__What you have to do__:
For this exercise, return exactly the lines of the material below that begin at the one with "Summer Women's Suspenders" and stop after the one with "Hollister One Piece".

__Provided records__:

___

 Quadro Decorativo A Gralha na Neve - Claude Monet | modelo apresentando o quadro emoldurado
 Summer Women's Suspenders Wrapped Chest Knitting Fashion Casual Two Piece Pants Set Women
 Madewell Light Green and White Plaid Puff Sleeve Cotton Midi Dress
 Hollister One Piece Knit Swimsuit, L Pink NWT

___

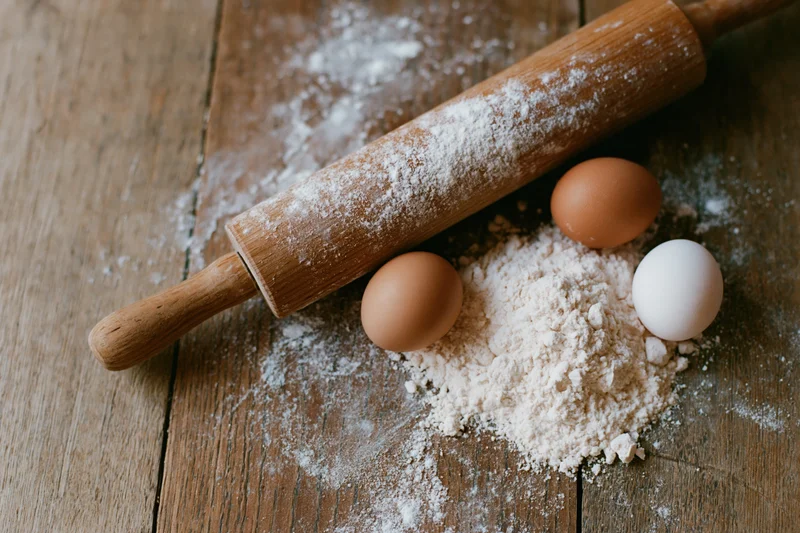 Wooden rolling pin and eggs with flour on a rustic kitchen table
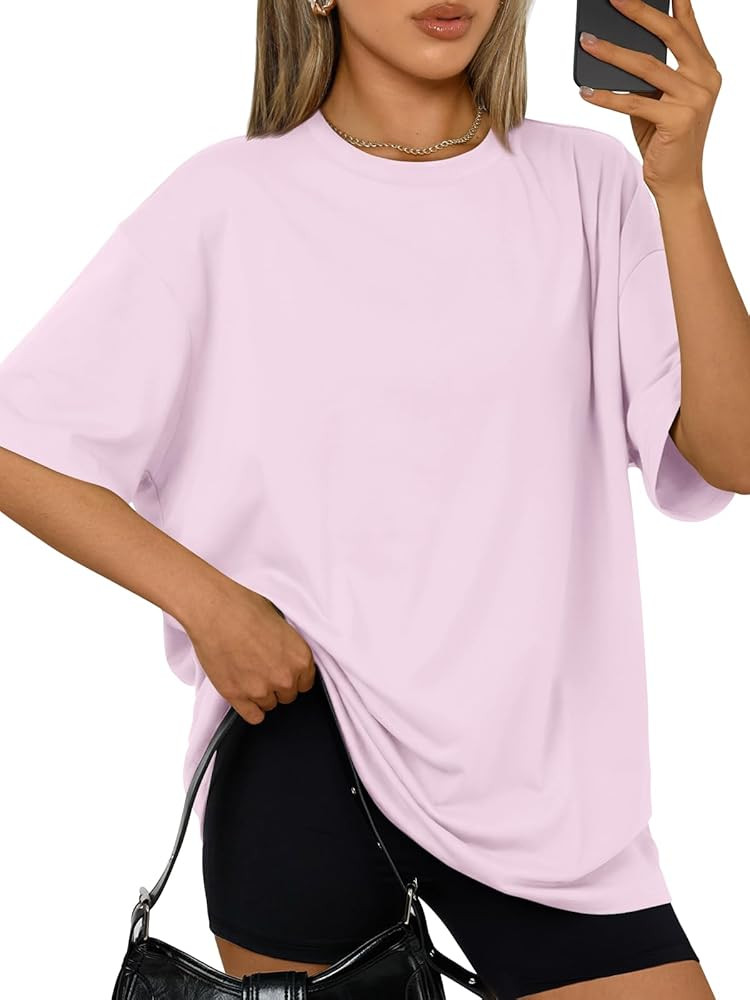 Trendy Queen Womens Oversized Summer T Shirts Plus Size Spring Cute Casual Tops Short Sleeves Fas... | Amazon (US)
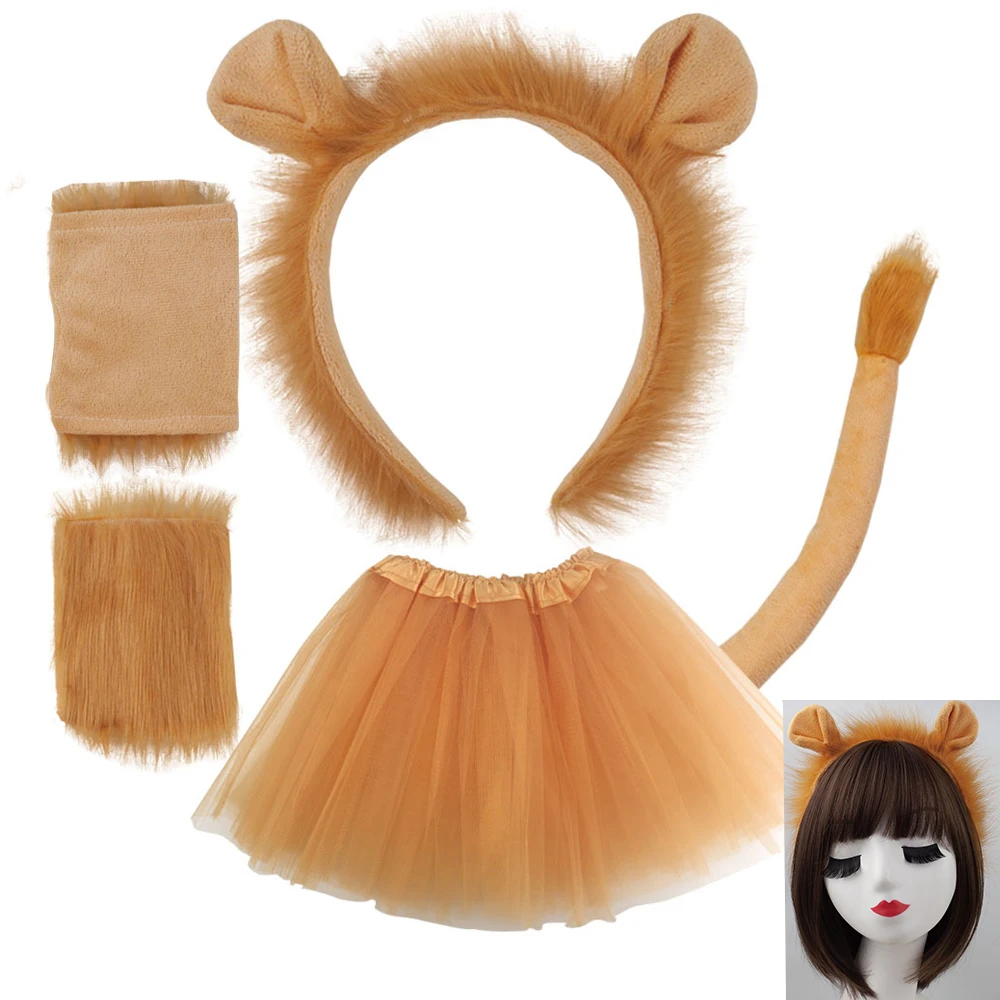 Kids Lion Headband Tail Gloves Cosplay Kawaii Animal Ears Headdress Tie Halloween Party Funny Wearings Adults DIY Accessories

___

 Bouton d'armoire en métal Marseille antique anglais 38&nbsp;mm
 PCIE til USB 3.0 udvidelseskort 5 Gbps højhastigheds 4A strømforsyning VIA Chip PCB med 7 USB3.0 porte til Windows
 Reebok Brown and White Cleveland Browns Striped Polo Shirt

___

__Expected answer__:
 Summer Women's Suspenders Wrapped Chest Knitting Fashion Casual Two Piece Pants Set Women
 Madewell Light Green and White Plaid Puff Sleeve Cotton Midi Dress
 Hollister One Piece Knit Swimsuit, L Pink NWT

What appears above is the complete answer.